Cette décision intervient après une aggravation des tensions entre les deux pays après que la cheffe du gouvernement japonais Sanae Takaichi a suggéré début novembre que Tokyo pourrait intervenir militairement en cas d’attaque contre Taïwan, île dont la Chine revendique la souveraineté. En plus du possible impact négatif sur l’économie japonaise, «une détérioration continue des relations (avec la Chine, ndlr) pourrait inciter la Banque du Japon à la prudence avant de relever à nouveau ses taux» d’intérêt, relève Derek Halpenny, de MUFG.

Mais la faiblesse du yen pourrait toujours inciter la BoJ à de nouvelles hausses de taux pour le soutenir. En parallèle, le coût de la dette japonaise grimpe en raison du risque associé aux lourdes dépenses prévues par le pays et à sa situation économique périlleuse.

Le rendement des obligations japonaises à 30 ans a ainsi atteint «un niveau record», ce qui peut «raviver l’appétit des investisseurs» pour le yen, selon l’analyste de MUFG.

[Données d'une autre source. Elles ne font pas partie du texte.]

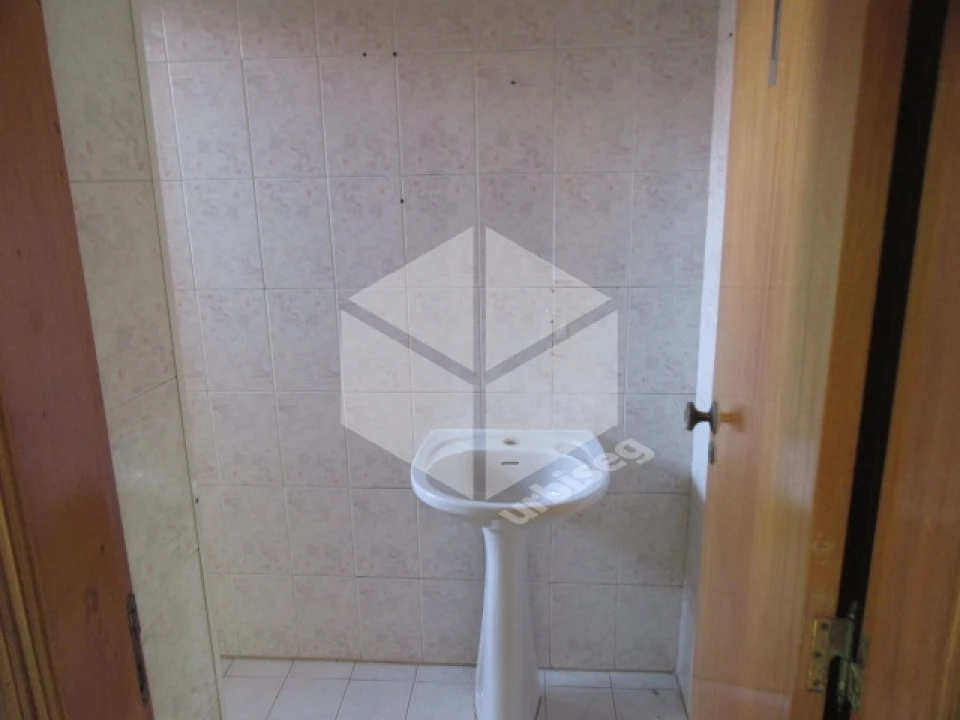 Moradia T14 para Venda em São Pedro Foto 12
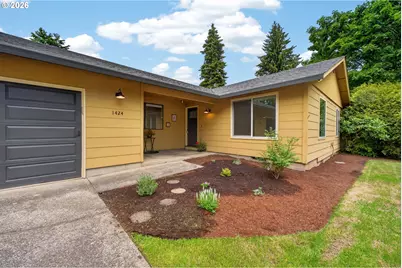1424 NE 102nd Ave, Vancouver, WA 98664 - Photo 1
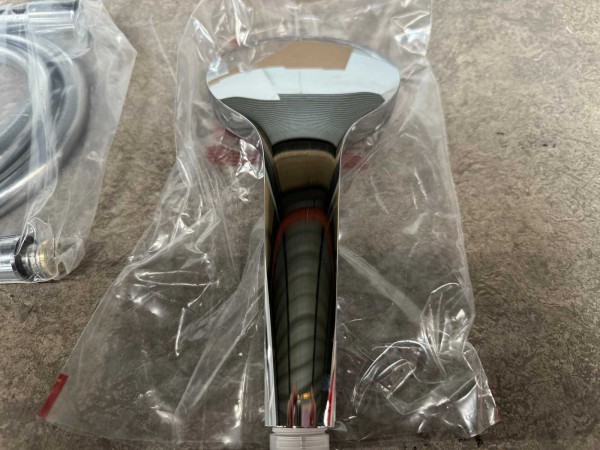 hansgrohe-multi-doucheset-croma-select-s-thermostaat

Les cambistes évitent aussi des prises de positions trop radicales avant la publication plus tard dans la séance de l’enquête d’ADP/Stanford Lab sur les créations d’emplois dans le secteur privé aux Etats-Unis en décembre, qui précèdera le rapport du département du Travail américain, attendu vendredi.

Mercredi, le billet vert était stable (-0,03%) par rapport à l’euro, à 1,1693 dollar, et totalement atone face à la livre sterling, à 1,3501 dollar. La monnaie unique se montre impassible face à la publication de l’inflation dans la zone euro, redescendue à 2% sur un an en décembre, juste au niveau de l’objectif de la Banque centrale européenne.

Après avoir bondi lundi dans la foulée de l’intervention militaire américaine au Venezuela, et malgré les intentions affichées de Donald Trump d’acquérir le Groenland, l’or et l’argent reculent de leur côté mardi.

Les métaux précieux sont plombés «en partie par des prises de bénéfices», estime Emma Wall, d’Hargreaves Lansdown.